Note:
This topic has been translated from a Chinese forum by GPT and might contain errors.
Original topic: 缓存表很慢
There is currently a dimension table with less than 100,000 rows of data, which is now set as a cache table and is updated every hour. It has been observed that in slow query SQLs, the get_snapshot_time is very long when reading the cache table. Does this mean that it is caused by too much historical data? In other words, after the data is updated, when TiDB pulls the cache table from TiKV into memory, there are too many historical versions involved. Currently, only the changes from the last two hours are retained, so theoretically, the maximum would be the current total amount * 2, which is less than 200,000 rows of data. However, in some slow query SQLs, the get_snapshot_time sometimes takes several seconds. What could be causing this?

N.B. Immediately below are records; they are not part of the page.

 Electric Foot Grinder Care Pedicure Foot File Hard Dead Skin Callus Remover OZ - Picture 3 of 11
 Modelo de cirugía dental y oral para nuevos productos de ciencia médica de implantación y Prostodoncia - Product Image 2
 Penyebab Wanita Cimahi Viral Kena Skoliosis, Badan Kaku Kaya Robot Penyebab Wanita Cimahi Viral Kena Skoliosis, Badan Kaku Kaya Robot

Is the data volume too large?
I mentioned that the data volume is not large, less than 100,000. Even with historical versions, it won’t exceed 200,000 in extreme cases.
Post the execution plan and let’s take a look.

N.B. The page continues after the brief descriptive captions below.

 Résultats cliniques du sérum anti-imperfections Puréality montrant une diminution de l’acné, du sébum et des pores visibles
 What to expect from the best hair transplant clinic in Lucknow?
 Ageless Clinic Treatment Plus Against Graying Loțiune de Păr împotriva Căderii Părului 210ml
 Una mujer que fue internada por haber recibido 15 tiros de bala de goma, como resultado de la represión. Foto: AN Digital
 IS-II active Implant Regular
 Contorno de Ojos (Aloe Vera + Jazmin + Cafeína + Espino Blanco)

Tables larger than 64M are not allowed to be used as cache tables. Although your 100,000 rows are not very large, the hourly updates might not be suitable. You can check the mysql.table_cache_meta table for any locks and information related to the lock lease.
Check whether the execution plan has hit the cache.

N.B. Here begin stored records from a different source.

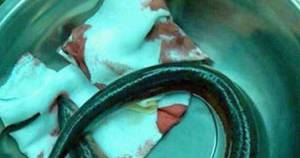 Eel Porn - Porn addict has emergency surgery to remove live EEL he inserted up his  backside to copy x-rated film - Mirror Online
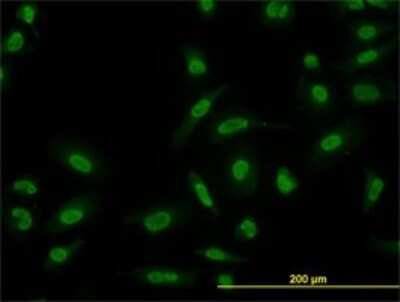 Immunocytochemistry/ Immunofluorescence: Smad5 Antibody (3A10) [H00004090-M03]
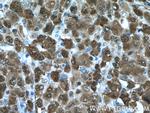 NAMPT/PBEF Antibody in Immunohistochemistry (Paraffin) (IHC (P))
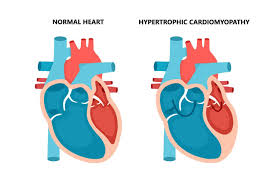 Image result for Cardiomyopathy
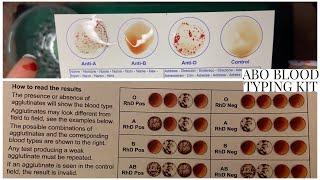 BLOOD TYPING WITH THE ELDON CARD | ️️️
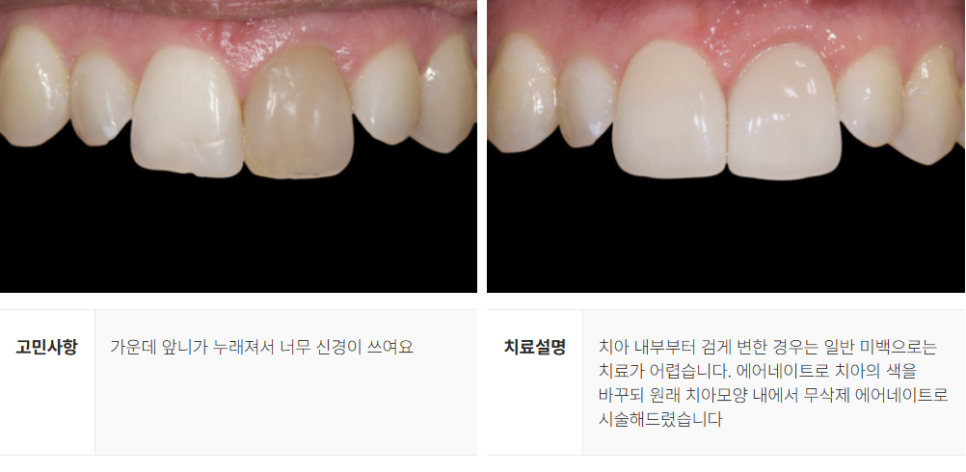 강남역 무삭제 라미네이트 (에어네이트) 관련 이미지 10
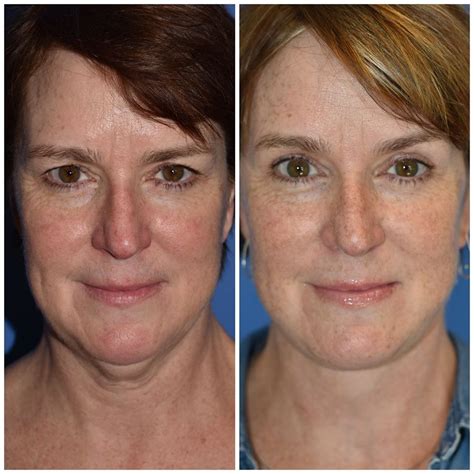 The Seattle Blepharoplasty And Eyelid Center Puget Sound Robyneeimhin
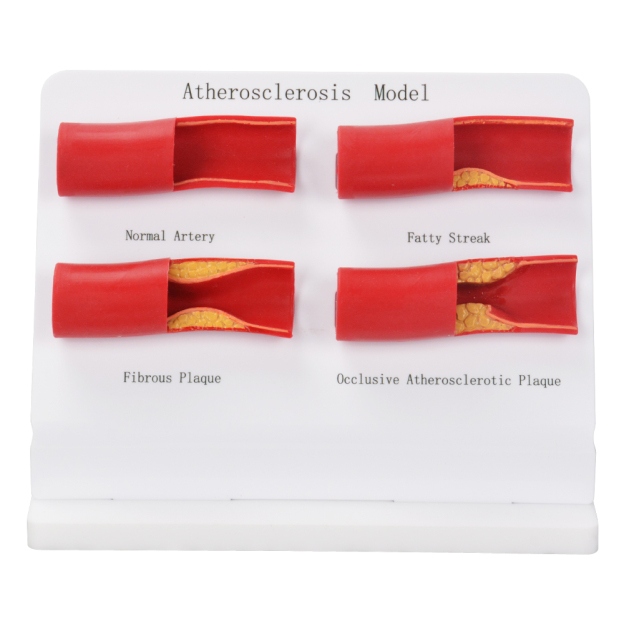 Atherosclerosis Progression Model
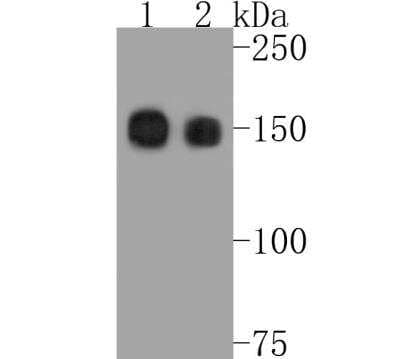 Western Blot: Integrin alpha 2/CD49b Antibody (SN0752) [NBP2-67691]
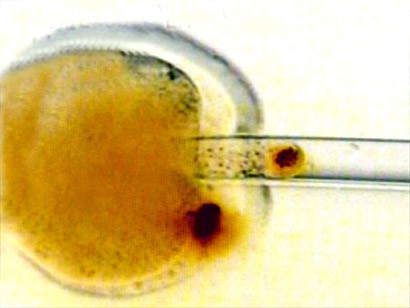 HUMAN_EGG_ARTIFICIAL_INSEMINATON_POSITIVE.jpg (25636 bytes)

The use of cache tables includes one condition: the data does not change frequently, with a change frequency of one hour.
Additionally, the number of rows in the table doesn’t matter much; the main concern is the size.
Is it only this cache table that has this problem?
Cache tables are not suitable for updates, it’s best not to modify them.
Please provide the execution plan to check if there are many scan versions inside?
You can check if there is an IO bottleneck in the storage of TiKV.
Let’s take a look at the execution plan?
From the scenario where you need to update every hour, this is not very suitable for using a cache table. Updating a cache table is relatively slow and cumbersome. Cache tables are more suitable for scenarios with low update frequency and small update data volumes.
Check if the data volume is too large.
If the cache table involves frequent write operations, it may lead to write hotspots, affecting read performance.
Take a look at the execution plan.
Check the execution plan to analyze which step is slow, and then optimize it. Also, take a look at the system load, such as CPU, memory, and disk I/O.
Cached tables are a new feature starting from V6, with size limitations, and it is best to avoid frequent changes.
Check if it’s caused by the cache table being too large.